O presidente da Kroll no Brasil é o norte-americano James Wygand, 52, economista bem-humorado e bacharel em literatura, que concilia artes marciais com a leitura de autores do século 18. Wygand recebeu a Folha no escritório, em montagem, no World Trace Center, em São Paulo.

Folha - A Kroll oferece segurança patrimonial, acompanha casos de sequestros, terrorismo, pirataria industrial e fraudes financeiras. Qual dessas áreas é mais atraente no Brasil?
James Wygand - Segurança patrimonial, especialmente fraude interna nas empresas, desvios de recursos financeiros, redução de riscos e sistemas para empresas familiares em vias de modernização.
Folha - O governo está preocupado com a evasão de divisas e lavagem de dinheiro.

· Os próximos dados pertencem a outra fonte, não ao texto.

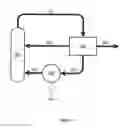 Fig. 04 - Systems and methods for reducing the energy requirements of a carbon dioxide capture plant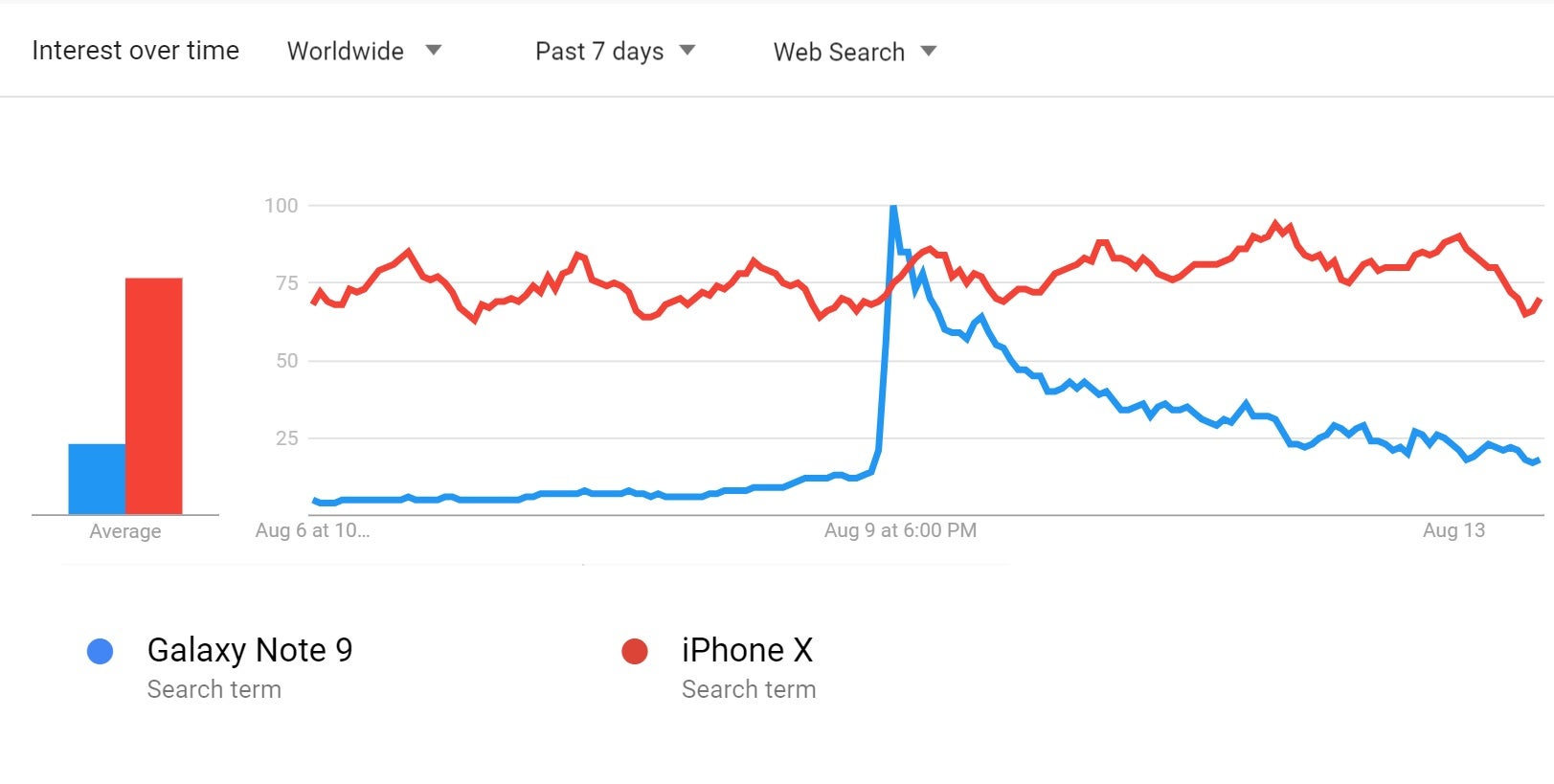 The number of online searches for the Galaxy Note 9 peaked above the iPhone X for approximately two hours on 9 August, 2018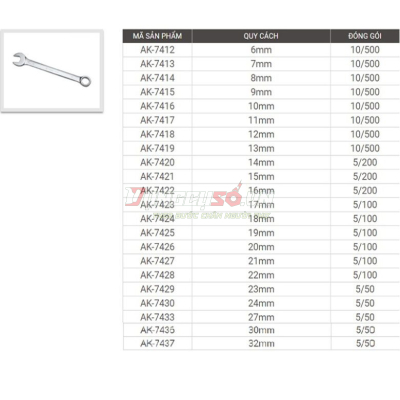 Cờ lê vòng miệng xi mờ 24mm Asaki AK-7430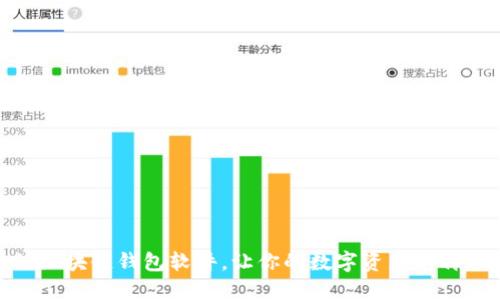 选择最安全的区块链钱包软件，让你的数字资产不再面临安全风险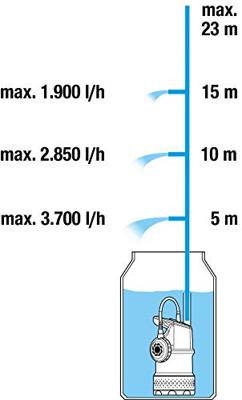 Gardena Regentonpomp 4700/2 Inox | 550 W | 2.3 bar | 4700 l/h - 1764-20 - 1764-20 - thumbnail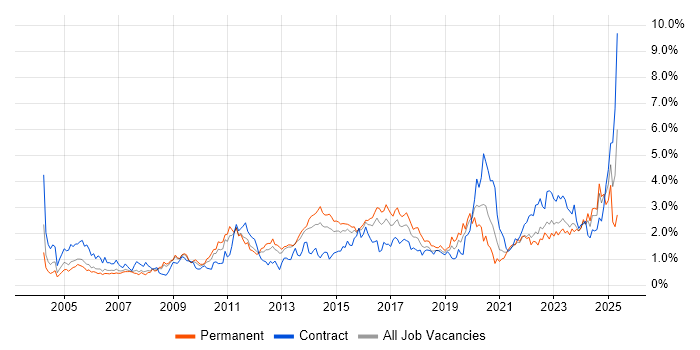 Job vacancy trend for Service Management in Bristol Job vacancy trend for Service Management in Bristol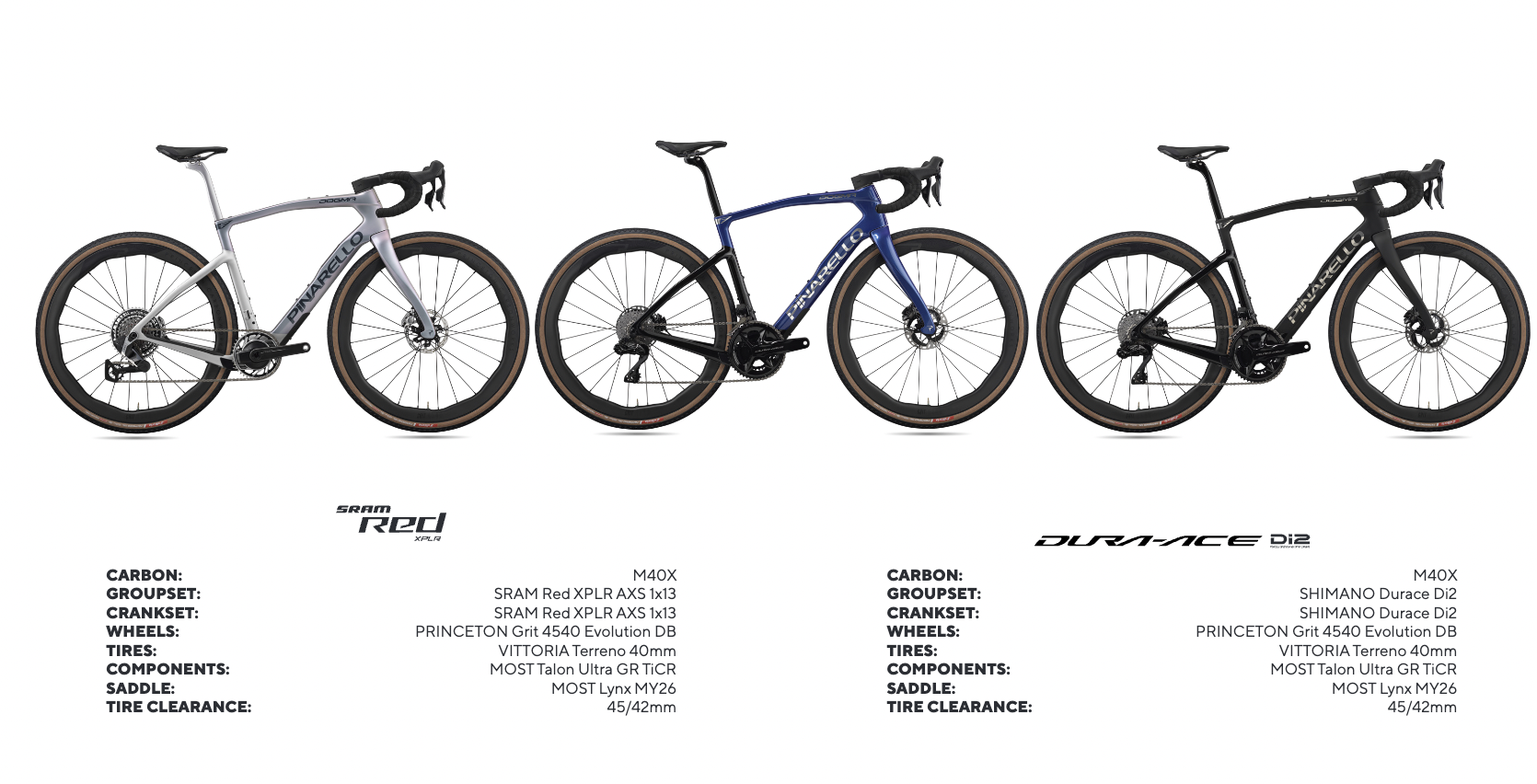 pinaerllo Dogma GR full line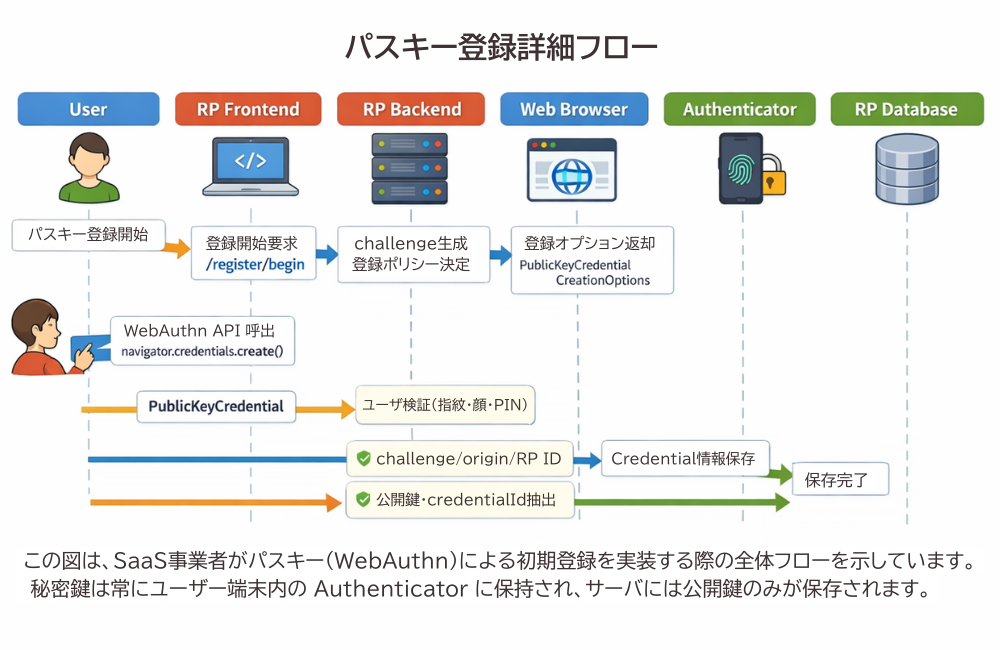 パスキー登録フロー（RP→Authenticator→RP）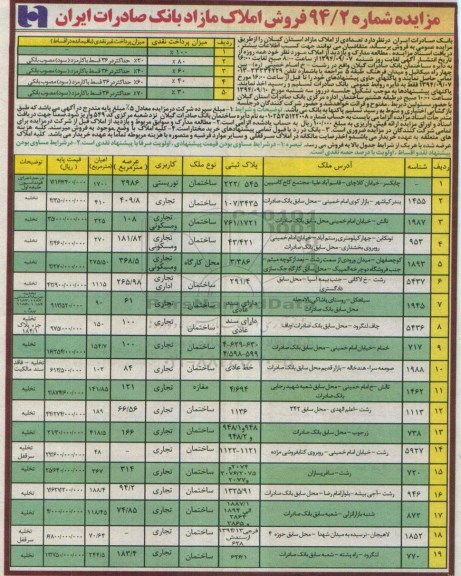 مزایده,شماره 94.2 فروش تعدادی از املاک مازاد استان گیلان 
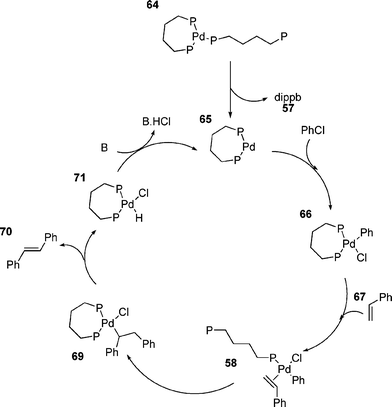 scheme, filename = b611547k-s11.gif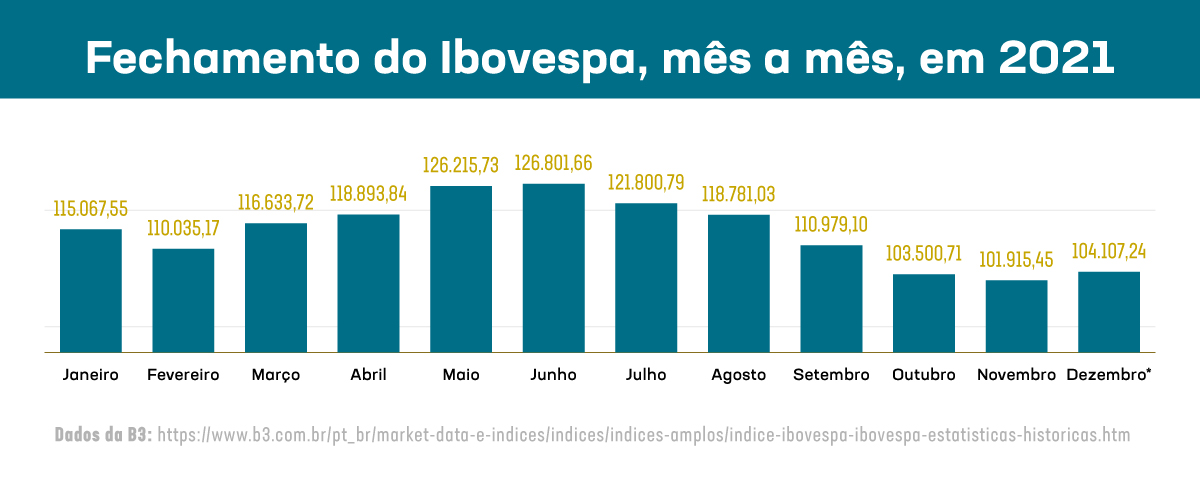 Variante ômicron ameaça planos de IPOs no início de 2022 nos EUA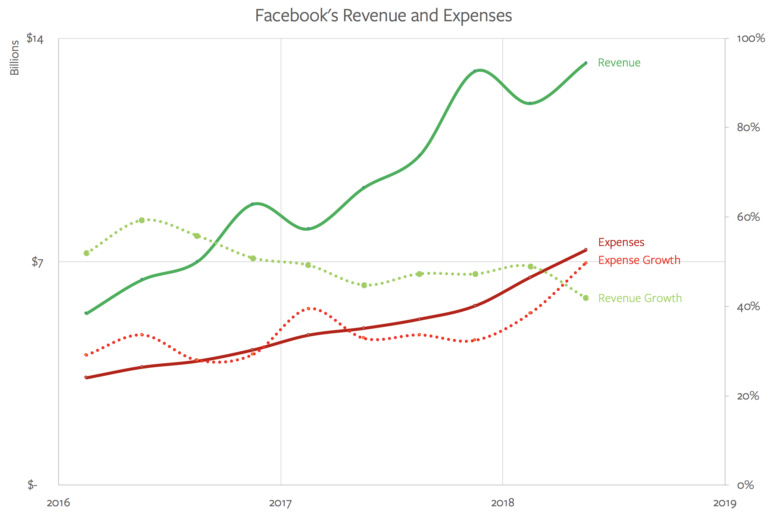facebook扎克伯格妻子_facebook收入增长放缓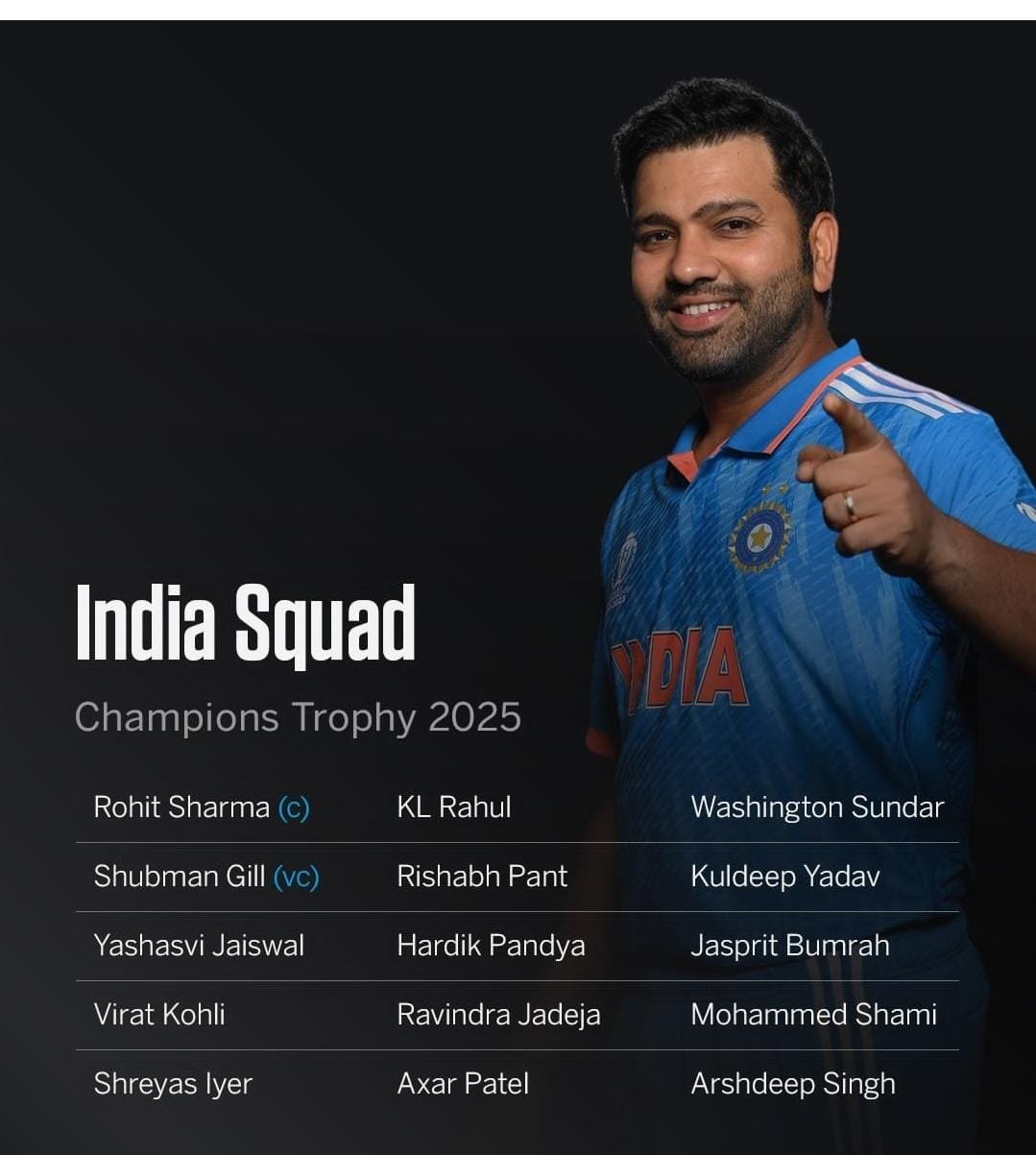 India Squad For Champion Trophy 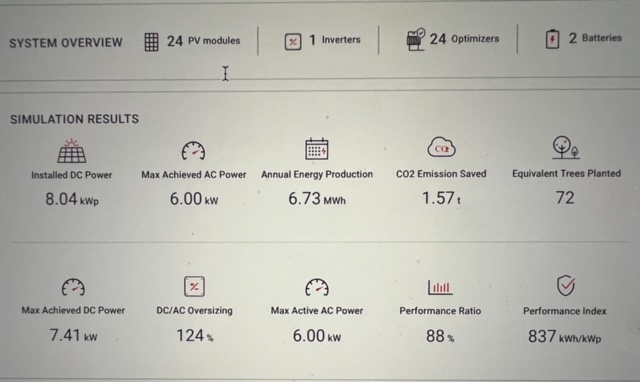 Solar PV System data of Farmhouse in Cowling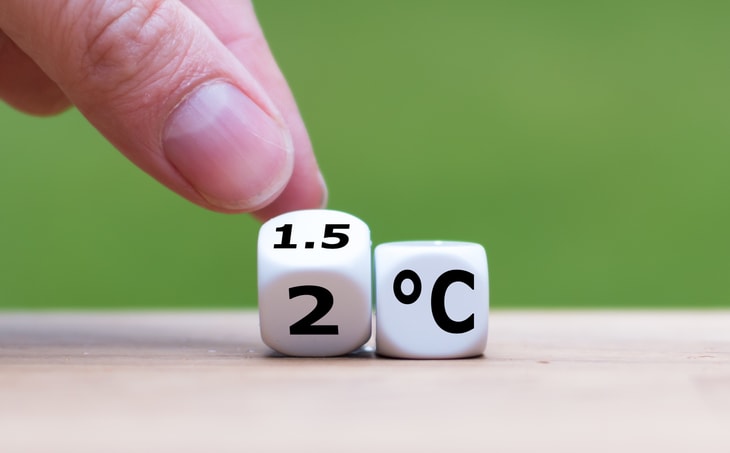 How will CCUS contribute to the global temperature goal of 1.5C?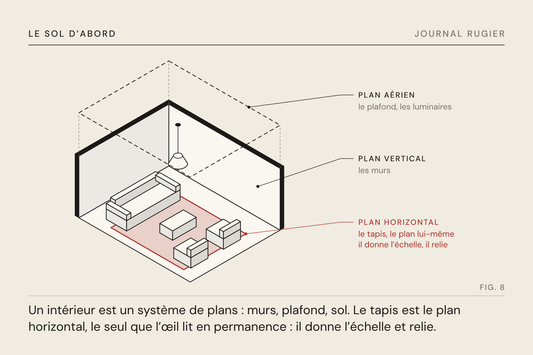 Planche du Journal Rugier, fig. 8 : une pièce en axonométrie, système de plans : le tapis est le plan horizontal qui donne l’échelle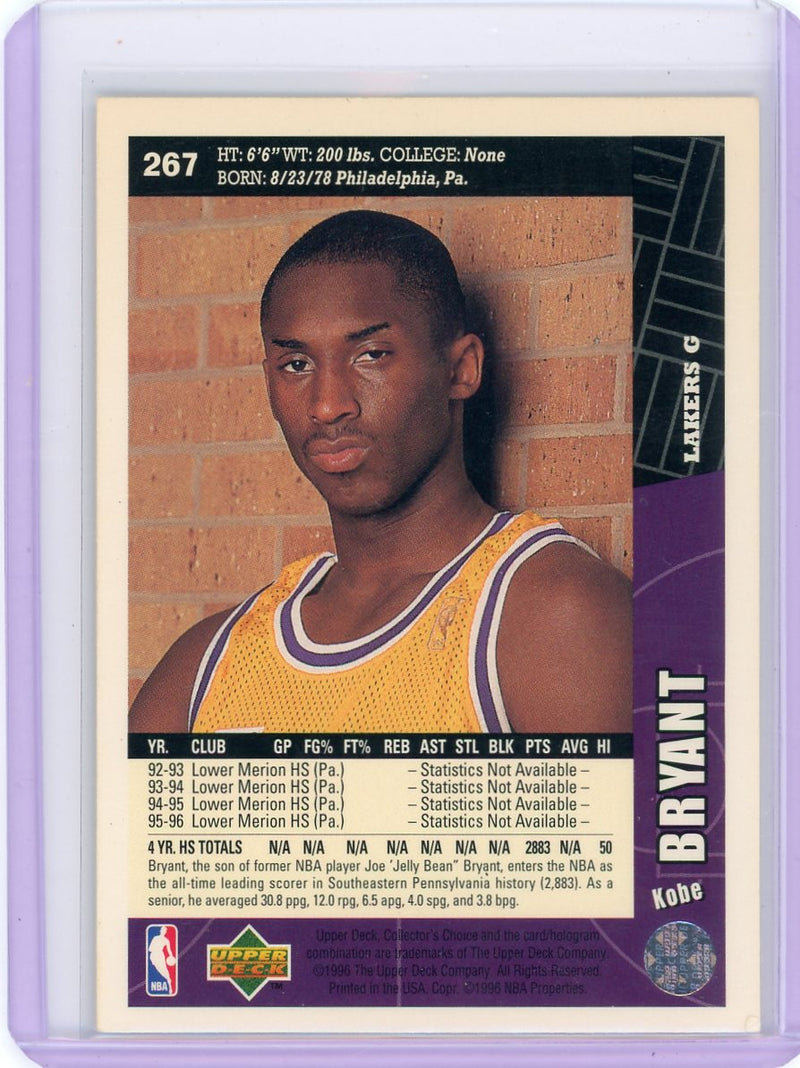 Kobe Bryant 1996 Upper Deck Collector&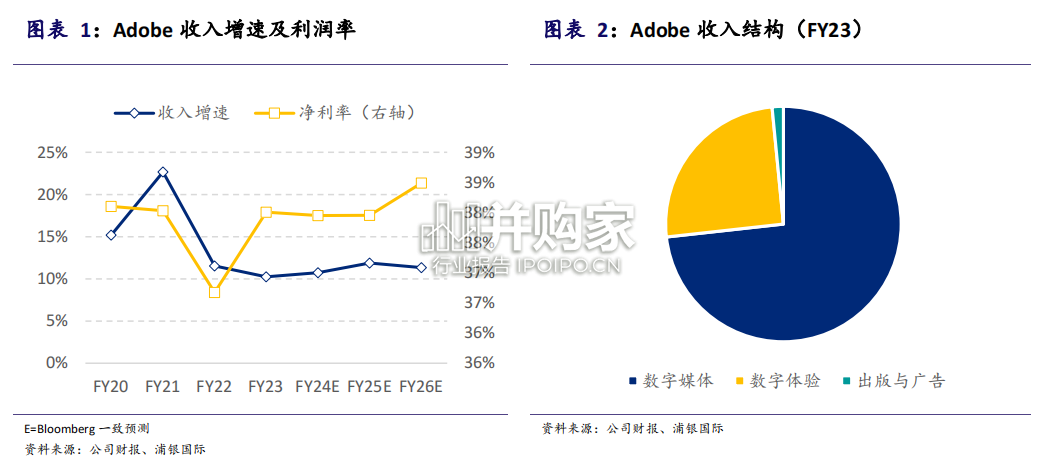 AIGC行业投资手册:挖掘美股七巨头外的AI软件核心标的(33页)-第1张图片 AIGC行业投资手册:挖掘美股七巨头外的AI软件核心标的(33页)-第1张图片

A Kroll atua nessas duas áreas?
Wygand - Atua ajudando empresas privadas. Já tivemos um caso, no Brasil, de lavagem de dinheiro que começava dentro de uma companhia, no setor de contas a pagar. Havia um esquema muito bem elaborado de lavagem de dinheiro pago a fornecedores falsos. Chegamos, em alguns casos, a procurar ativos desviados em outros países. Não somos responsáveis por investigação de doleiros, uma função mais policial.
Folha - Qual a forma mais comum de lavagem de dinheiro?
Wygand - É a criação de um fornecedor falso que passa a receber regularmente por fornecimentos que, de fato, não faz. Normalmente está vinculado a pessoas dentro da empresa e o dinheiro é pulverizado em contas bancárias.
Folha - Como é feita a identificação dos fraudadores?
Wygand - Uma empresa criada para fins de fraude normalmente não está fornecendo para mais ninguém no mercado. Não tem uma série de relações bancárias nem referências comerciais.
Folha - O Brasil é um país convidativo para o crime de colarinho branco, com o sigilo bancário? Pode ser considerado um paraíso fiscal?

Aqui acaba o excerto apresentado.